Begonia lushaiensis – Flowering plants
Begonia lushaiensis is the most popular ornamental perennial, tuberous, erect flowering plant that grows up to 4-12 inches tall. The leaf-stalks are hairy, blade triangular-ovate, basifixed, base heart-shaped with lobes not overlapping, asymmetric, upper surface green, sparsely finely velvet-hairy. The stem is slender, sparsely to densely hairy, internodes 3-10 cm long. The stipules are ovate and semi-persistent. The blossoms are borne in racemes in leaf axils or at branch-ends, several.
It produces unisexual blossoms. The male blossoms have flower-stalk, tepals 4, dark pink, hairy on the reverse near the base, margin entire, inner tepals lance-shaped, dark pink, hairless, androecium with 10-15 stamens, symmetric. The female blossoms have flower-stalk, hairless, bracteoles absent, tepals 4-5, equal, rounded to oblong-ovate, outer tepals dark pink, hairy on the reverse near the base, margin entire, inner tepals similar yet smaller
Species: B. lushaiensis
Scientific Name: Begonia lushaiensis
Common Name: Lushai Begonia
How to grow and care for Begonia lushaiensis
It grows well in bright indirect sunlight originating from a south, east, or west window. It also thrives under fluorescent lights. Avoid direct sun which can scorch the leaves.
It requires a well-drained, peat moss-based soil, such as African violet potting mix.
Water your plant regularly during the growing season and always keep the soil evenly moist but not soggy. You can allow the top 1 inch of soil to dry out between each watering. During the winter months, reduce watering. Overwatering will cause leaves to turn yellow.
It prefers an average room temperature of 65 – 75 degrees Fahrenheit / 18 – 24 degrees Celsius.

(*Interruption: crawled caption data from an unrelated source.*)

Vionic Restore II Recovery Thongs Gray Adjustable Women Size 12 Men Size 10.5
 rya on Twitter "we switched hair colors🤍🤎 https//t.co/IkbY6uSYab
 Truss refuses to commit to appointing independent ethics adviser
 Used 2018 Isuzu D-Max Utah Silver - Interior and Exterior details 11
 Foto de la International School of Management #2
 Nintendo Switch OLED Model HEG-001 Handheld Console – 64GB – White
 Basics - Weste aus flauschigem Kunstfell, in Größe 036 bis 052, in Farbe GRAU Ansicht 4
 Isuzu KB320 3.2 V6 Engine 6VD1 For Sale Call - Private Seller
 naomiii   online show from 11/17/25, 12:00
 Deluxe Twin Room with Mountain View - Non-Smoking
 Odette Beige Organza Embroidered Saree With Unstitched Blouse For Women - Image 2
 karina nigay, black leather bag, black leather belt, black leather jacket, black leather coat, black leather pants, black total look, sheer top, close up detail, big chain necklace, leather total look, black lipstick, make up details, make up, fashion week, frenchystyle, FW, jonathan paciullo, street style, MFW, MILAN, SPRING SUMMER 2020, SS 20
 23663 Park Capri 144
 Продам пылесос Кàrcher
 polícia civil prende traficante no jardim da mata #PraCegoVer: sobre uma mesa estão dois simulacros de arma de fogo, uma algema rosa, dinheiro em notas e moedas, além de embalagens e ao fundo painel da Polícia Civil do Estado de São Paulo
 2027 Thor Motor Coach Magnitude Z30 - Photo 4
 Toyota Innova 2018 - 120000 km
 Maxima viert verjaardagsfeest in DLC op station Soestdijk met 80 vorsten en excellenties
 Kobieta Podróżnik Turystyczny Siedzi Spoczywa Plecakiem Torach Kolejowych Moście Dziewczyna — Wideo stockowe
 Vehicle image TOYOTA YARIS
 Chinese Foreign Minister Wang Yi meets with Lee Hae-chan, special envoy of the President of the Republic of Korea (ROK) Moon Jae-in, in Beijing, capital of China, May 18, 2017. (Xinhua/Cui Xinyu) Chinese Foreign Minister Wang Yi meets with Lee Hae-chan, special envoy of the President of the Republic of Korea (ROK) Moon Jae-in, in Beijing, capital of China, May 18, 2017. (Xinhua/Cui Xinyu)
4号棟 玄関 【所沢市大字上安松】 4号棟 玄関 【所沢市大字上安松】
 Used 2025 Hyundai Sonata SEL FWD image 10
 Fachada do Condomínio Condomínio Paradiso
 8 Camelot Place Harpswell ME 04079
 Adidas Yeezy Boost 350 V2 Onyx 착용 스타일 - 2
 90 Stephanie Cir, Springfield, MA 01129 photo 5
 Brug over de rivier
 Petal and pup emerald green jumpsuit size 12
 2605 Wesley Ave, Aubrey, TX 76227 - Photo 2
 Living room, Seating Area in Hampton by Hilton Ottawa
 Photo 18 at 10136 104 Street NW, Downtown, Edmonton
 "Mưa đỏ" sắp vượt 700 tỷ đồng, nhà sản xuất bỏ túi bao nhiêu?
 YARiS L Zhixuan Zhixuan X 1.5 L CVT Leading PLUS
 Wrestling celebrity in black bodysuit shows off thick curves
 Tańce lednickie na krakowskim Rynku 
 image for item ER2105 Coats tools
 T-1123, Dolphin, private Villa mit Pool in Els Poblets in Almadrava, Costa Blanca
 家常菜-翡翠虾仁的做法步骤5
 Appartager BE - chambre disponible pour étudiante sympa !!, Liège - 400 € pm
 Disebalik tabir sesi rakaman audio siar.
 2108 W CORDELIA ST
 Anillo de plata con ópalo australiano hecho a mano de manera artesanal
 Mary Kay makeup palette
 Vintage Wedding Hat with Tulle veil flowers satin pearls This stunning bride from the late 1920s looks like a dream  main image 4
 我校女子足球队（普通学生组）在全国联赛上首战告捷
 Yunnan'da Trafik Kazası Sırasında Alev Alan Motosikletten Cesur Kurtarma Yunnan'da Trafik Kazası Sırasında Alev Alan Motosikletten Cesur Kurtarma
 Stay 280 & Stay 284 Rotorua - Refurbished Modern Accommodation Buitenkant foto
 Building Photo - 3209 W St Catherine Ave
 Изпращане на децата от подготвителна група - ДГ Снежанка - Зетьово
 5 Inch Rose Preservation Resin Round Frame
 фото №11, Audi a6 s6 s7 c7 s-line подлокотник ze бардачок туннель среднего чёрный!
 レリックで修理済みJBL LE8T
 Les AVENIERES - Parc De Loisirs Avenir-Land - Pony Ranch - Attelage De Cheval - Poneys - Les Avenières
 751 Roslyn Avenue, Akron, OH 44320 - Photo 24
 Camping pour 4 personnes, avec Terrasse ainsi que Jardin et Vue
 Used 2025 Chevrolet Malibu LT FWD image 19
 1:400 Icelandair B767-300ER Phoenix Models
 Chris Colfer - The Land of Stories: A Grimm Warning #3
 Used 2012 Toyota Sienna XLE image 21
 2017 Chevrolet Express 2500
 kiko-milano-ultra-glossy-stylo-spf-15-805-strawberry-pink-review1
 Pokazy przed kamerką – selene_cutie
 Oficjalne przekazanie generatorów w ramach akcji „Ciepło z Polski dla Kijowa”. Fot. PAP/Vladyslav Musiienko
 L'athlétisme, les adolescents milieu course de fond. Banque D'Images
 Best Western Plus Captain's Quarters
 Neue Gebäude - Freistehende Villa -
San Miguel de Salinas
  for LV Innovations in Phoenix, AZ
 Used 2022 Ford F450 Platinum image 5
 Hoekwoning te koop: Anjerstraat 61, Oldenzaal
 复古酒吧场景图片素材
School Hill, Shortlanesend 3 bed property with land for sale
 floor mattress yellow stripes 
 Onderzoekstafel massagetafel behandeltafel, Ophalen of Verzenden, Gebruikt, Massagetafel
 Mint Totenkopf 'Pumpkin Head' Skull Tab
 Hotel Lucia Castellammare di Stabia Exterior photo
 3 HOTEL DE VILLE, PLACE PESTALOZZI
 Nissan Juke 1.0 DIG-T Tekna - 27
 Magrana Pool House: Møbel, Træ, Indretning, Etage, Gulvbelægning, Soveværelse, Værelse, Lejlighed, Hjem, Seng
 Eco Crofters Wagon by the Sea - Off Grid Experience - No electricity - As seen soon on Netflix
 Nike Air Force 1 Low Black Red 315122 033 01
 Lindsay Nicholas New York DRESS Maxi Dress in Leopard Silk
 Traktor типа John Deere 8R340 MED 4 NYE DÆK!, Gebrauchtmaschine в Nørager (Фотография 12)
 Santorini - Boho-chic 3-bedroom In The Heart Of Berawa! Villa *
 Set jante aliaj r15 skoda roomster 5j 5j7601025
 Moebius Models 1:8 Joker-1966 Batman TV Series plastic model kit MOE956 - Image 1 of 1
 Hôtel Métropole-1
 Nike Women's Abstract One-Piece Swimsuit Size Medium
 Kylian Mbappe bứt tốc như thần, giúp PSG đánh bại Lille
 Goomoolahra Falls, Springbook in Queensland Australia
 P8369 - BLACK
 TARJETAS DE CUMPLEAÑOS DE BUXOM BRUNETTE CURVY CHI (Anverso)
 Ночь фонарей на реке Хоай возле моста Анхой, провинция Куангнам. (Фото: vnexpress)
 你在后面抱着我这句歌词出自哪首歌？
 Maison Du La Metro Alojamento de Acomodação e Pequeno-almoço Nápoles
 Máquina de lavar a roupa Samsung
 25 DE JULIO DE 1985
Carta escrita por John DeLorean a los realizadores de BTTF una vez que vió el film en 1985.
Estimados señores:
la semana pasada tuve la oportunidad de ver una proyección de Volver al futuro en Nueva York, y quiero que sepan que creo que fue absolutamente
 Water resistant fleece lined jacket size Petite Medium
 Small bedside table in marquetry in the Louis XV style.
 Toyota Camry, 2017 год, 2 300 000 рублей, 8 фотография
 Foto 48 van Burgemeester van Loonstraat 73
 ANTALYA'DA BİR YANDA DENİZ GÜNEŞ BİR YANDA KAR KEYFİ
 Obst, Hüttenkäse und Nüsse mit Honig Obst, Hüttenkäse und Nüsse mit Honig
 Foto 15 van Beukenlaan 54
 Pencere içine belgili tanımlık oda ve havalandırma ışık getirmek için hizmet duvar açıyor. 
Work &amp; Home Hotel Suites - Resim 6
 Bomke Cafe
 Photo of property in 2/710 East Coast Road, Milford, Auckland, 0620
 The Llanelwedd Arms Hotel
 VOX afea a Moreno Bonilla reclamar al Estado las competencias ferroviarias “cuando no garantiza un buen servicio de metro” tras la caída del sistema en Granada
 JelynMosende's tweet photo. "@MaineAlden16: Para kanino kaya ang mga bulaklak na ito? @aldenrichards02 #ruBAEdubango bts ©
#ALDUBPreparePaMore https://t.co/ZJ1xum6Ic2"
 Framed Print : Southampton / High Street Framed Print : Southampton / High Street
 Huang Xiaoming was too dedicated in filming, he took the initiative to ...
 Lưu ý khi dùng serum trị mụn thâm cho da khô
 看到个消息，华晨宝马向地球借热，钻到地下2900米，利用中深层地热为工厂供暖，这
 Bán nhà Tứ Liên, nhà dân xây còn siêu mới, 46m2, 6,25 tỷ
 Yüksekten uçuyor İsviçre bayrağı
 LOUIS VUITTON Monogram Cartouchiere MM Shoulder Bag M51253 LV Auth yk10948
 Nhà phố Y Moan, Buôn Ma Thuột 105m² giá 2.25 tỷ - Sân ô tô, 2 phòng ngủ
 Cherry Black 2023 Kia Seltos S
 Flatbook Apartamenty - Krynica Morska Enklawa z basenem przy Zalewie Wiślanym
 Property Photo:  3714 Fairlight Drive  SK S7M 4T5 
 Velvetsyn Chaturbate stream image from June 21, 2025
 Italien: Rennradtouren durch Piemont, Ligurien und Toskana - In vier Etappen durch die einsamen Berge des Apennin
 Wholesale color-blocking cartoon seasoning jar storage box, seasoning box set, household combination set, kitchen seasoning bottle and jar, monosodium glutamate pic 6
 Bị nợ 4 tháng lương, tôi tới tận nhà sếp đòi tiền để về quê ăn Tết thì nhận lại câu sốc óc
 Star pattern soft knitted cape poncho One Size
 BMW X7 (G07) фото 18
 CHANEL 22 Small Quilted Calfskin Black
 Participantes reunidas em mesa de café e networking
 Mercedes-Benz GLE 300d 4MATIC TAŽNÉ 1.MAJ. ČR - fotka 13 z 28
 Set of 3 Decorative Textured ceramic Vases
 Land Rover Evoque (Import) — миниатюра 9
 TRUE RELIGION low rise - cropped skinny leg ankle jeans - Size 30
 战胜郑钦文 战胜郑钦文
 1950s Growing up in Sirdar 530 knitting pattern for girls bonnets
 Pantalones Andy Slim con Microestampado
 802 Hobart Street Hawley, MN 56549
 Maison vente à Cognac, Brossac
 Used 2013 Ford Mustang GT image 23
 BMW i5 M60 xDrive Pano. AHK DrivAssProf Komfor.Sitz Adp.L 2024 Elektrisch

Begonia is not cold-tolerant and can be harmed by temperatures below 50 degrees Fahrenheit / 13 degrees Celsius.
Feed every two weeks spring through fall with a balanced liquid fertilizer diluted by half. Do not feed your plant during the dormant period.
Begonia lushaiensis can be easily propagated by stem cuttings. Take stem cuttings in spring and root in fresh potting mix. Keep the soil lightly moist. Cover the whole container and plant with a plastic bag or cloche to hold in humidity. Begonia seeds are slow to germinate. You can sow seeds in the spring, but it can take several months to grow.
Pests and Diseases
Begonia has no serious pest or disease problems. It is susceptible to attacks from spider mites, mealybugs, and aphids.